## [Exercise prompt]
Leave the pictures out and print, word for word, the lines below from the one with "Slytherin Head Boy Pin" through the final line.

[Caption-style text data]
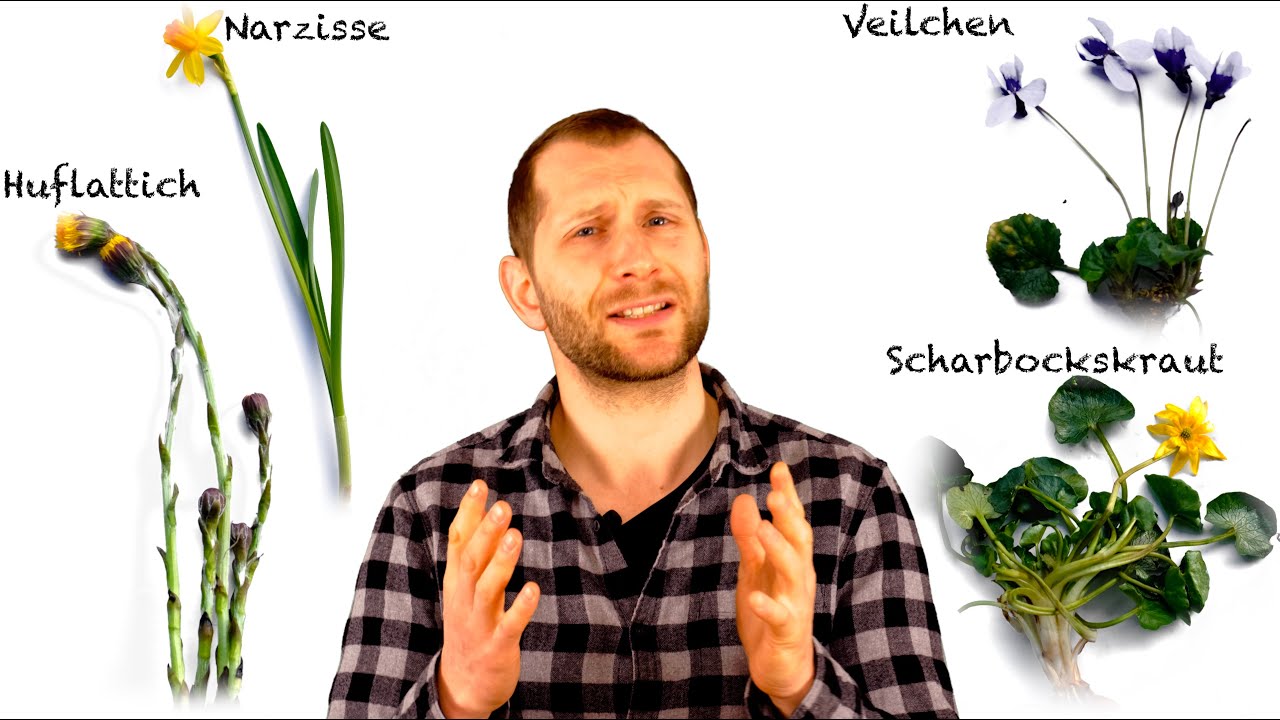 Frühblüher: Warum blühen manche Pflanzen so früh im Jahr? - Lernen macht Spaß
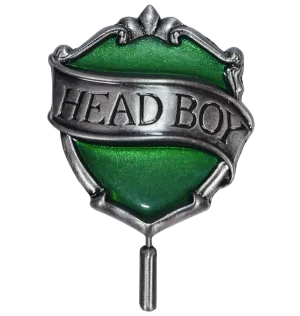 Slytherin Head Boy Pin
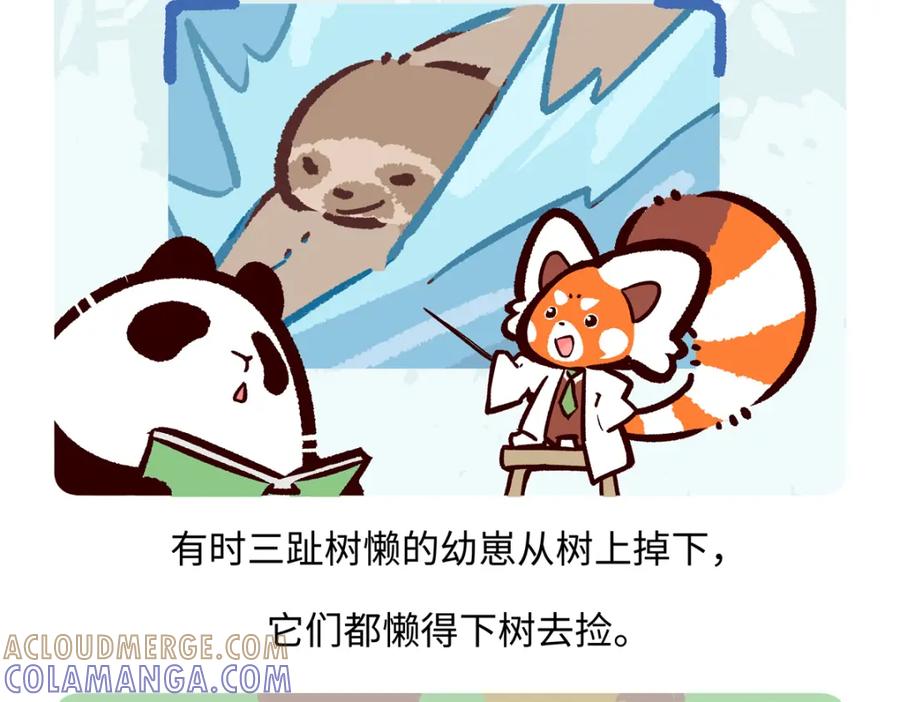 《胖达x胖达》第215话 第19页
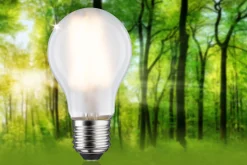 Efficient-Line Filament 230V - LED Birne Einzelleuchte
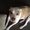 Photo of Shasta P.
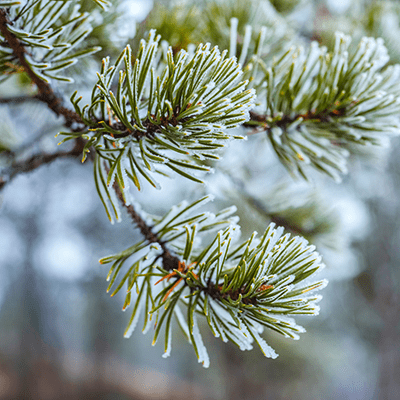 Pine trees slender needles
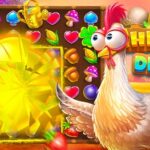 Chicken Drop - Beternak ayam untuk mendapatkan uang dari permainan slot gratis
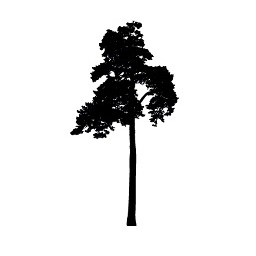 Tree 8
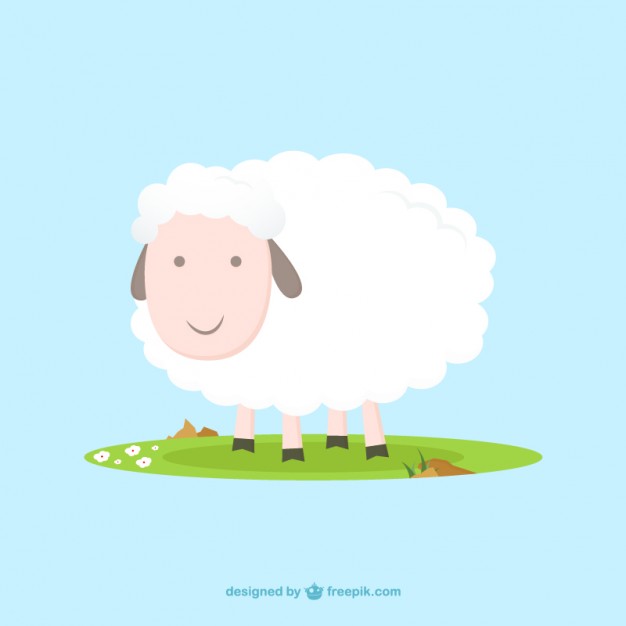 626x626 Cute Sheep Vector Free Download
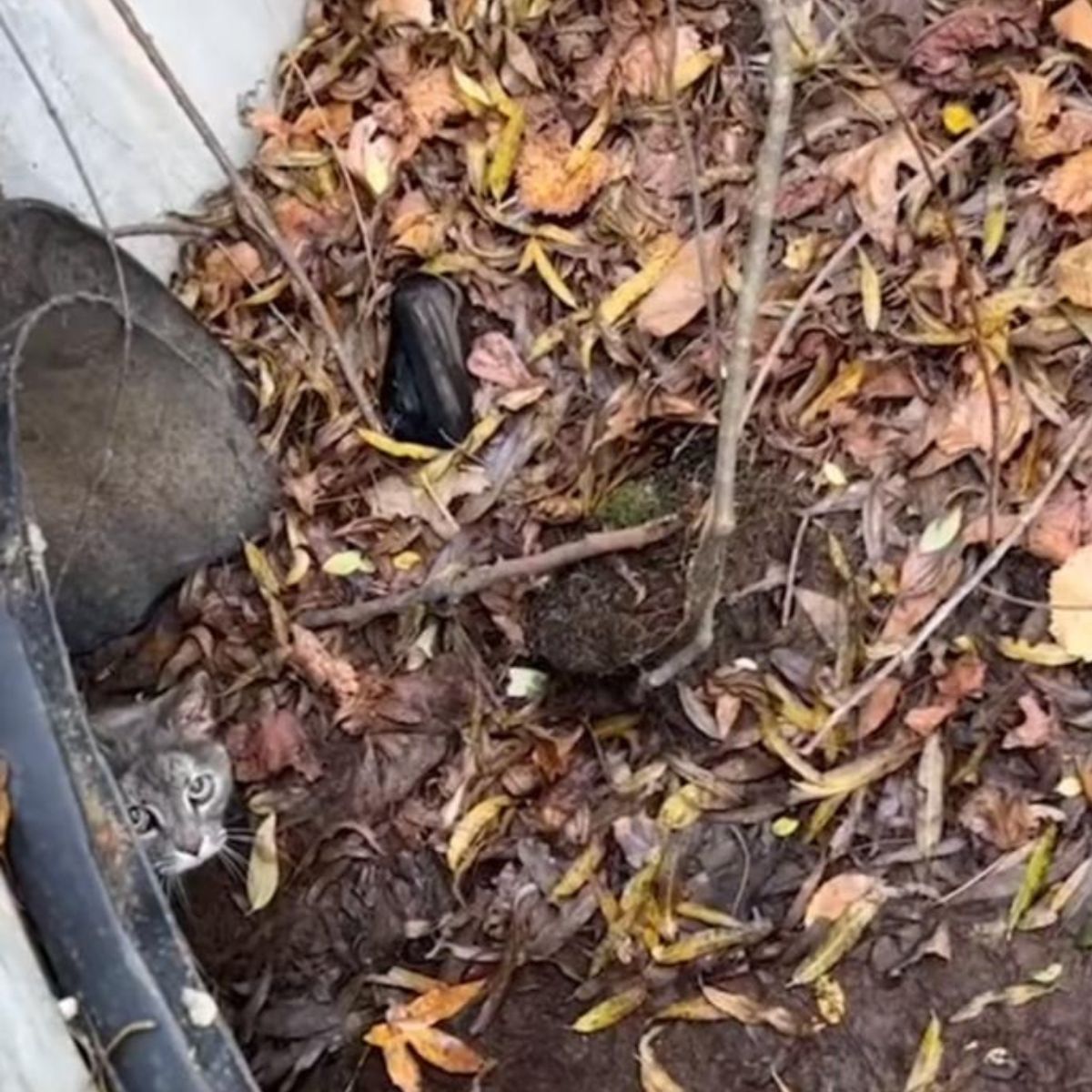 cat peeking from drainage pipe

## [Output of the task]
 Slytherin Head Boy Pin
 《胖达x胖达》第215话 第19页
 Efficient-Line Filament 230V - LED Birne Einzelleuchte
 Photo of Shasta P.
 Pine trees slender needles
 Chicken Drop - Beternak ayam untuk mendapatkan uang dari permainan slot gratis
 Tree 8
 626x626 Cute Sheep Vector Free Download
 cat peeking from drainage pipe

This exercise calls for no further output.